So I actually watched a talk by the person who coinded "enshittification", Cory Doctorow, recently, and I have changed my perspective about Kagi. I no longer think Kagi is doomed to enshittify.

Enshittification requires advertisers. As long as Kagi finances itself with money that does not come from advertisers, it will not enshittify.

This does not mean that it's not problematic that their code is closed-source.

EDIT ENDS HERE

I like what I hear about the user experience, but there are many problems I see with the service.

For one, it's based in the USA, so it is legally subject to the insane, antidemocratic, and awful state surveillance there.

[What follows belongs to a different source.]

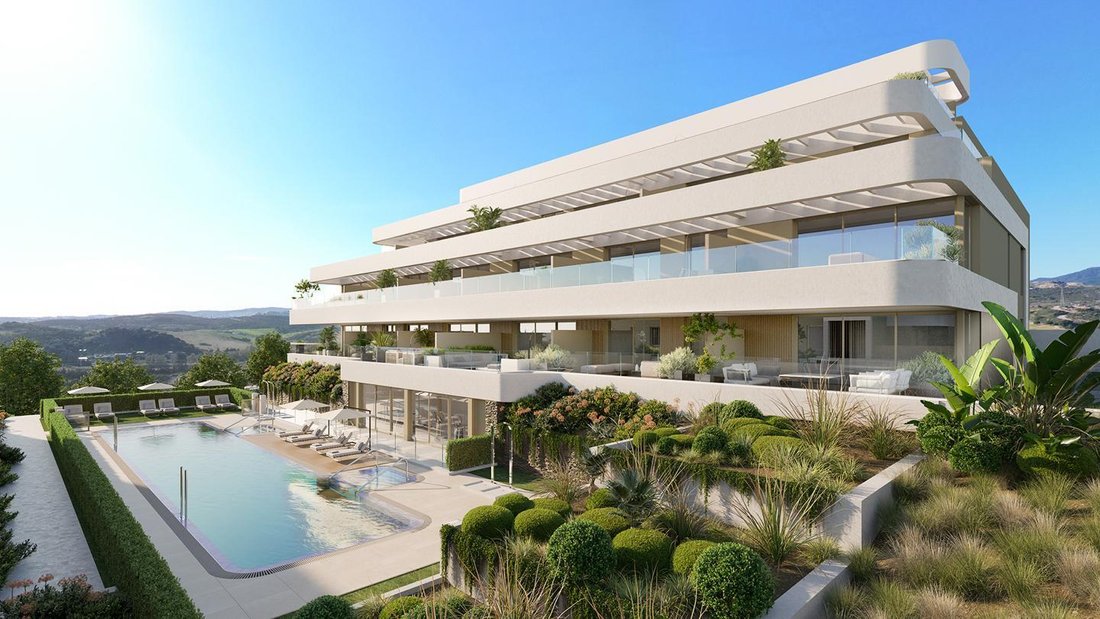 Apartment in Estepona, Andalusia, Spain 5 - 18513573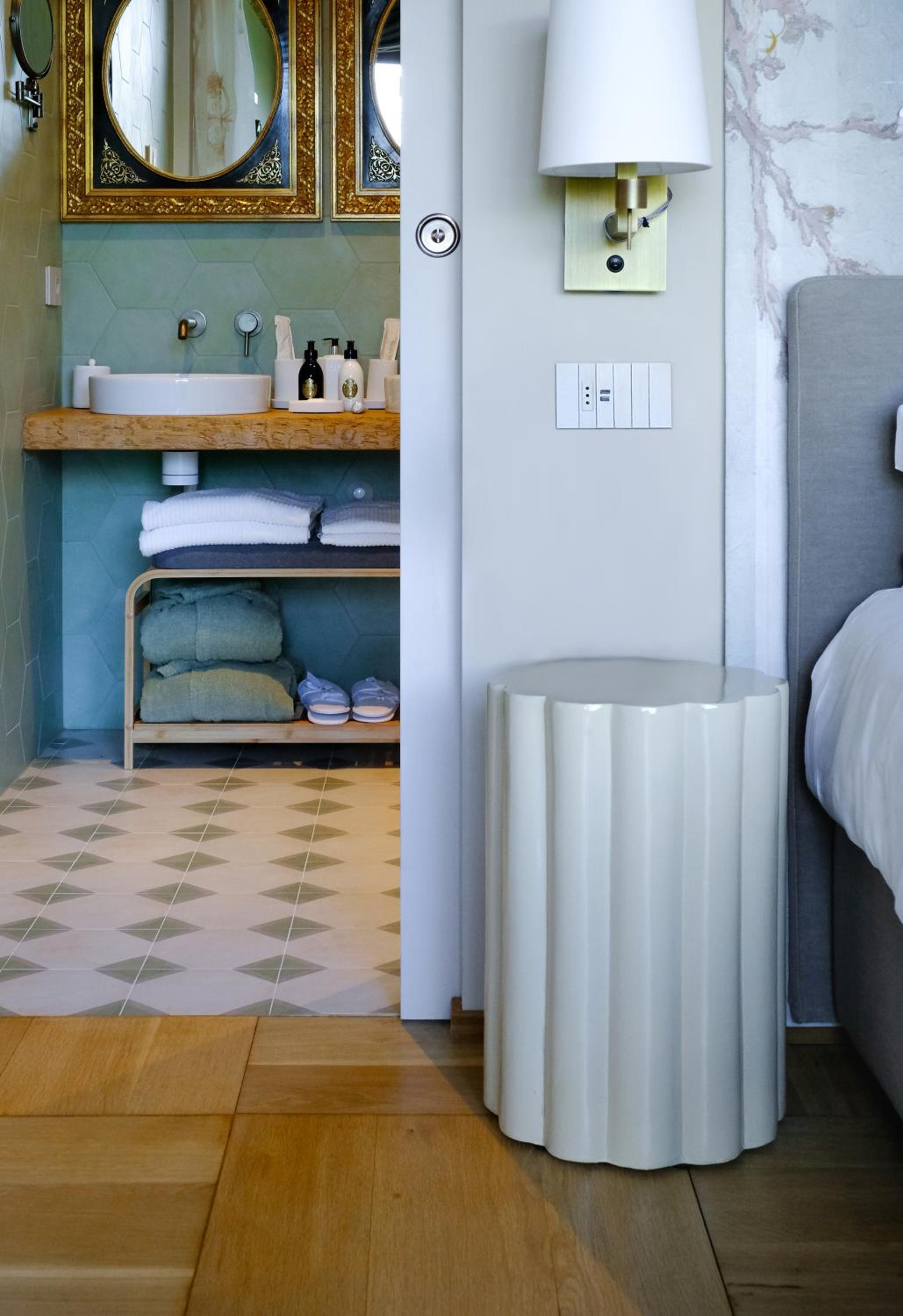 Double Room with Garden View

It is also a corporation, so it is subject to enshittification. Currently, it is giving users loads of stuff so that users use it, but sooner or later investors will want their money back and Kagi will enshittify.

Finally, these two problems would be mitigated by open-sourcing and making libre their software. With that, alternatives in more sensible legislatures could open. Users could migrate to instances that are still libre and not enshittified.

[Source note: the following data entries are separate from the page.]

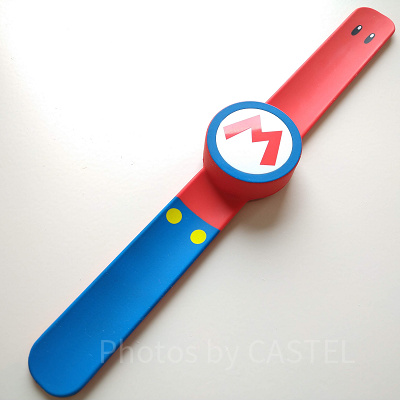 マリオのパワーアップバンド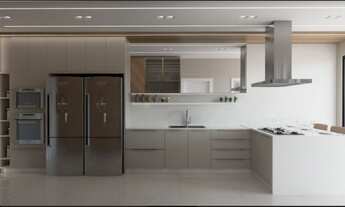 Imagem 7: Vende-se Apartamento na planta Edifício Harrisa Jardim Das Américas em Cuiabá MT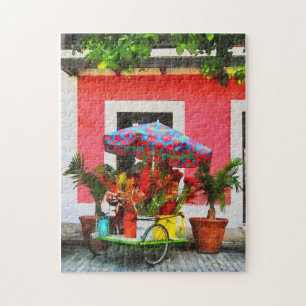 Blume Cart San Juan, Puerto Rico Puzzle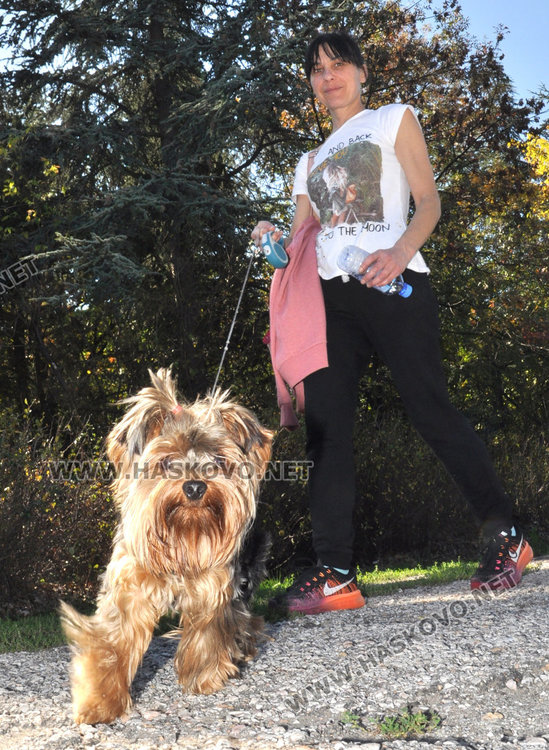 Хасковлии събраха слънчеви лъчи в последните топли дни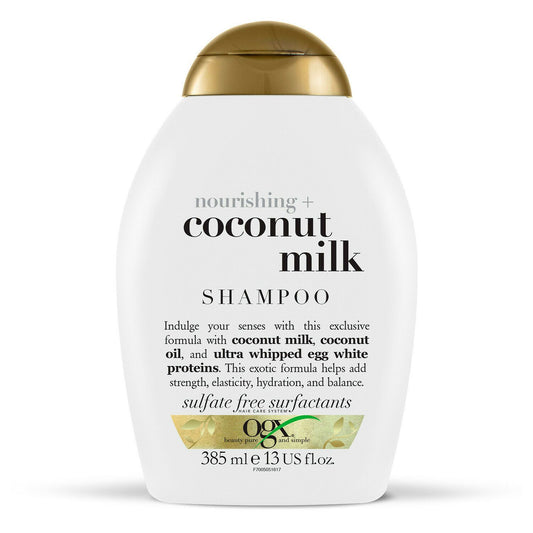 Shampoo Coconut Milk OGX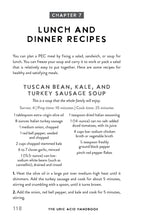 The Uric Acid Handbook - Interior 8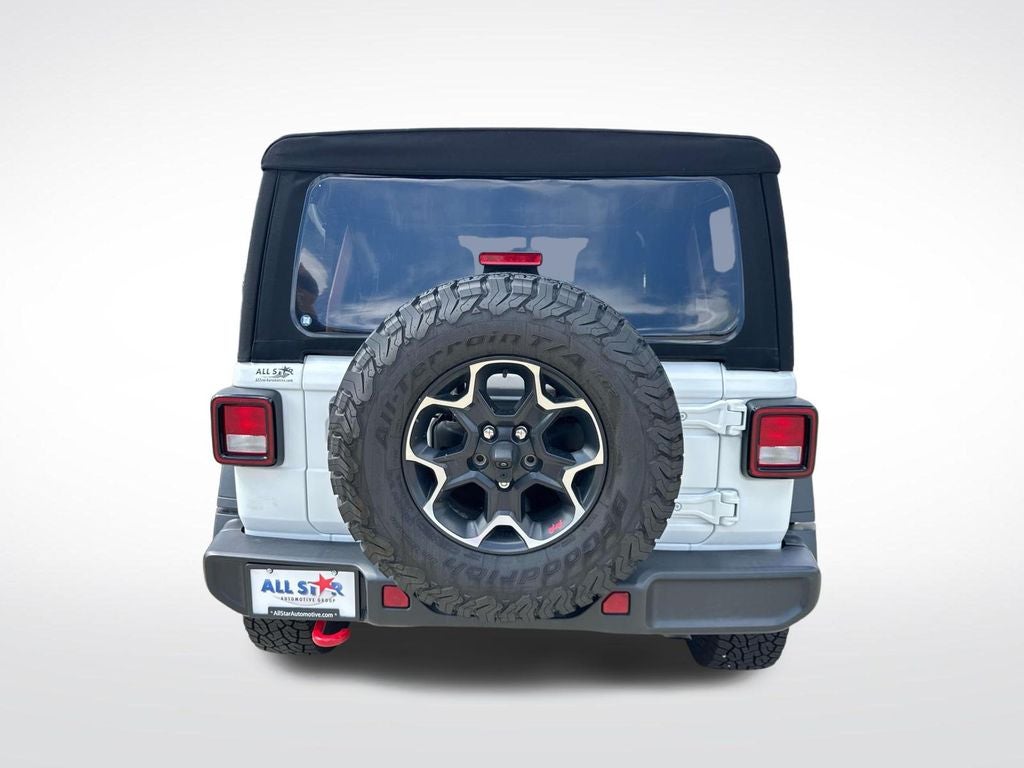 2023 Jeep Wrangler Rubicon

It is really unfortunate that Kagi is doing so many things well while doing some fundamental things terribly. As it stands, Kagi is doomed to enshittify.

[–] [email protected] 12 points 1 year ago

What's wrong with simply switching as soon as enshittification starts? You're not making any permanent commitments to it.

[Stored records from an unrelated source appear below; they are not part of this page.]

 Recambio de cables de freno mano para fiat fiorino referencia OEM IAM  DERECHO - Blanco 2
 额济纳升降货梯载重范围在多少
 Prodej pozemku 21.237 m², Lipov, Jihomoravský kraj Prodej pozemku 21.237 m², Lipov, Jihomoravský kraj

[–] [email protected] 11 points 1 year ago* (last edited 1 year ago) (2 children)

For one, it’s based in the USA, so it is legally subject to the insane, antidemocratic, and awful state surveillance there.

https://kagi.com/privacy at least sounds pretty good.

It is also a corporation, so it is subject to enshittification.

https://blog.kagi.com/safe-round this sound good as well.

The part that I don't get is how they can match Google in terms of search results quality when Microsoft couldn't even get close with Bing and a heck of a lot more time and money.

[–] [email protected] 11 points 1 year ago* (last edited 1 year ago)

Easy. Kagi cares about the quality of their product giving you the customer good results. Their product is a search engine. Google doesn't care to make their search engine better currently. Their product is ad placement and sales. You are not their customer.

Kagi already exceeds Google at being a search engine, at this time.

[–] [email protected] 6 points 1 year ago (1 children)

Don't think you will find a better search engine than Kagi. They can't even see what queries users are running, according to their own comments.

[–] [email protected] 3 points 1 year ago (1 children)

That'd be weird if they couldn't, there's no way they can improve their search engine other than by watching the way users use it.

Otherwise it exists in a vacuum.

[–] [email protected] 2 points 1 year ago

I would guess they mean that they can't see which queries belong to which users.

[–] [email protected] 3 points 1 year ago

There is no law in the requiring data logging in the US, nor is it required to comply with FBI security data requests. This has been fought for and won in court and beat out gag orders over the subject. It is also deemed a violation of the first amendment.